▶ Your goal: Retype each of the entries below exactly as written.

Source material section start

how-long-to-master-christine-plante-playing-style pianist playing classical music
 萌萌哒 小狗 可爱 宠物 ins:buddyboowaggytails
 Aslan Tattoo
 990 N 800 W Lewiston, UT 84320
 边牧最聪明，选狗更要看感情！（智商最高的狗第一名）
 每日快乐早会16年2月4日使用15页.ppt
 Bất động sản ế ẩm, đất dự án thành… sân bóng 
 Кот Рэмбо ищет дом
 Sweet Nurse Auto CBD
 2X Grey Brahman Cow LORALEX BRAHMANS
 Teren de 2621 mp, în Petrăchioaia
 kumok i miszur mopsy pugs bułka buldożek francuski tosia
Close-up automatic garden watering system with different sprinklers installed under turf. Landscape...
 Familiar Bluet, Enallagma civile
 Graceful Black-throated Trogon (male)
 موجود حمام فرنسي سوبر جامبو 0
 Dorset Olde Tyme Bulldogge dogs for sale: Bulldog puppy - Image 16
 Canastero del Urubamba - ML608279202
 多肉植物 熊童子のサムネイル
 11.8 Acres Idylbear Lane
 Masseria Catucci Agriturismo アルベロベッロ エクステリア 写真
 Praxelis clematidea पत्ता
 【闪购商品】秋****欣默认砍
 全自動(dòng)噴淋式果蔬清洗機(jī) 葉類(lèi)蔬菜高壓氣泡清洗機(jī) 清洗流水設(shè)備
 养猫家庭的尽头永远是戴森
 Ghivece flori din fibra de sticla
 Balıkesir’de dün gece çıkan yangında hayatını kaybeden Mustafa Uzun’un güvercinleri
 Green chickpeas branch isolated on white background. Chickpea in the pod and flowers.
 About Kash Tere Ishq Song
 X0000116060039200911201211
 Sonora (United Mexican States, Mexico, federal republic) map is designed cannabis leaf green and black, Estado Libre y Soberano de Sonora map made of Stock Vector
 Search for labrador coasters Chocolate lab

Source material section end

▶ Response to this exercise:
how-long-to-master-christine-plante-playing-style pianist playing classical music
 萌萌哒 小狗 可爱 宠物 ins:buddyboowaggytails
 Aslan Tattoo
 990 N 800 W Lewiston, UT 84320
 边牧最聪明，选狗更要看感情！（智商最高的狗第一名）
 每日快乐早会16年2月4日使用15页.ppt
 Bất động sản ế ẩm, đất dự án thành… sân bóng 
 Кот Рэмбо ищет дом
 Sweet Nurse Auto CBD
 2X Grey Brahman Cow LORALEX BRAHMANS
 Teren de 2621 mp, în Petrăchioaia
 kumok i miszur mopsy pugs bułka buldożek francuski tosia
Close-up automatic garden watering system with different sprinklers installed under turf. Landscape...
 Familiar Bluet, Enallagma civile
 Graceful Black-throated Trogon (male)
 موجود حمام فرنسي سوبر جامبو 0
 Dorset Olde Tyme Bulldogge dogs for sale: Bulldog puppy - Image 16
 Canastero del Urubamba - ML608279202
 多肉植物 熊童子のサムネイル
 11.8 Acres Idylbear Lane
 Masseria Catucci Agriturismo アルベロベッロ エクステリア 写真
 Praxelis clematidea पत्ता
 【闪购商品】秋****欣默认砍
 全自動(dòng)噴淋式果蔬清洗機(jī) 葉類(lèi)蔬菜高壓氣泡清洗機(jī) 清洗流水設(shè)備
 养猫家庭的尽头永远是戴森
 Ghivece flori din fibra de sticla
 Balıkesir’de dün gece çıkan yangında hayatını kaybeden Mustafa Uzun’un güvercinleri
 Green chickpeas branch isolated on white background. Chickpea in the pod and flowers.
 About Kash Tere Ishq Song
 X0000116060039200911201211
 Sonora (United Mexican States, Mexico, federal republic) map is designed cannabis leaf green and black, Estado Libre y Soberano de Sonora map made of Stock Vector
 Search for labrador coasters Chocolate lab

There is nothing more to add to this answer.